The 49ers hit the road for consecutive Sunday night showdowns against the New England Patriots — fresh off their 42-14 thrashing of the Houston Texans on Monday — and the Seattle Seahawks before closing out the season at home with the hapless Arizona Cardinals, a game a Pop Warner team could win.
Even coach Jim Harbaugh acknowledged the magnitude of the next two games Monday, saying “no doubt they’re big games,” which for the dry and reserved Harbaugh is the equivalent of jumping in the air and shouting, “Yippee!”
Forget the blowouts of the Buffalo Bills and New York Jets and the setbacks to the St. Louis Rams and Minnesota Vikings. None of it matters during the next two games against playoff-bound teams in hostile environments. They will provide a true barometer of what’s to come.
The Patriots have reeled off seven straight victories this season, and Tom Brady and Co. have won 20 consecutive December home games. The Seahawks are 6-0 at home this season and their fan base rivals Lindsay Lohan on the crazy scale.
So on paper, the odds aren’t in the 49ers’ favor.
However, these games are the reason Harbaugh went with rocket-armed Colin Kaepernick over Alex Smith at quarterback.
Of late, Kaepernick has been criticized for his “Smith-like” stats and inability to lead the offense to a deluge of touchdowns.
But that’s missing the point.
If Kaepernick is doing what Smith was doing through the air, great. That means he’s being efficient and not turning the ball over. What Kaepernick brings to the table that Smith doesn’t is his ability to run with the ball and the room for growth.

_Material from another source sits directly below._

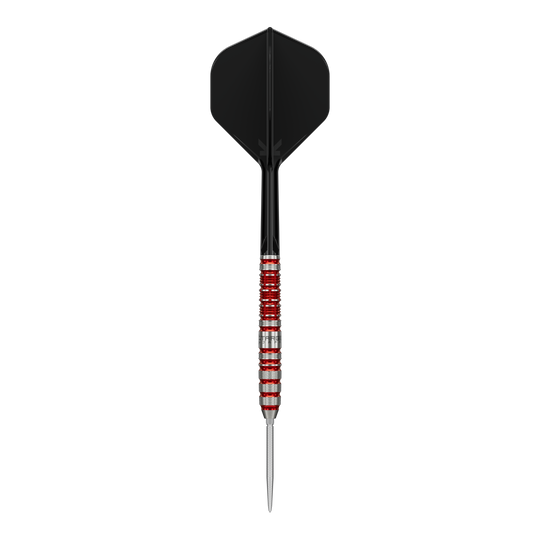Das Bild zeigt die Target Japan Black Marque Spinel Swiss Point Steeldarts mit einem Gewicht von 23g. Das Produkt ist ein hochwertiger Dartpfeil für anspruchsvolle Spieler.
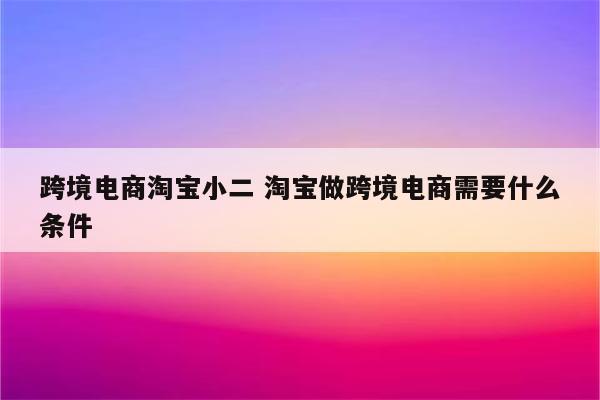 跨境电商淘宝小二 淘宝做跨境电商需要什么条件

Smith is in his eighth season while Kaepernick is still in his second, and his first as a starter. So if the second-year player is already matching the veteran, it’s a no-brainer to take the guy with upside over the guy who has flat-lined.
And it’s not like red-zone inconsistency is unique to Kaepernick, as the 49ers were plagued by similar issues throughout 2011 under Smith when kicker David Akers set the NFL record for field goals.
The challenge facing Kaepernick these next two weeks is whether he can continue to be efficient and not turn the ball over under the most extreme circumstances the NFL regular season has to offer. Can he rise to the occasion with everything on the line?
There are a million scenarios for Kaepernick and the 49ers and their playoff seeding, ranging from a first-round bye to a road wild-card game.
Will Super Bowl visions soon dance in the 49ers’ heads? We’ll find out in two weeks.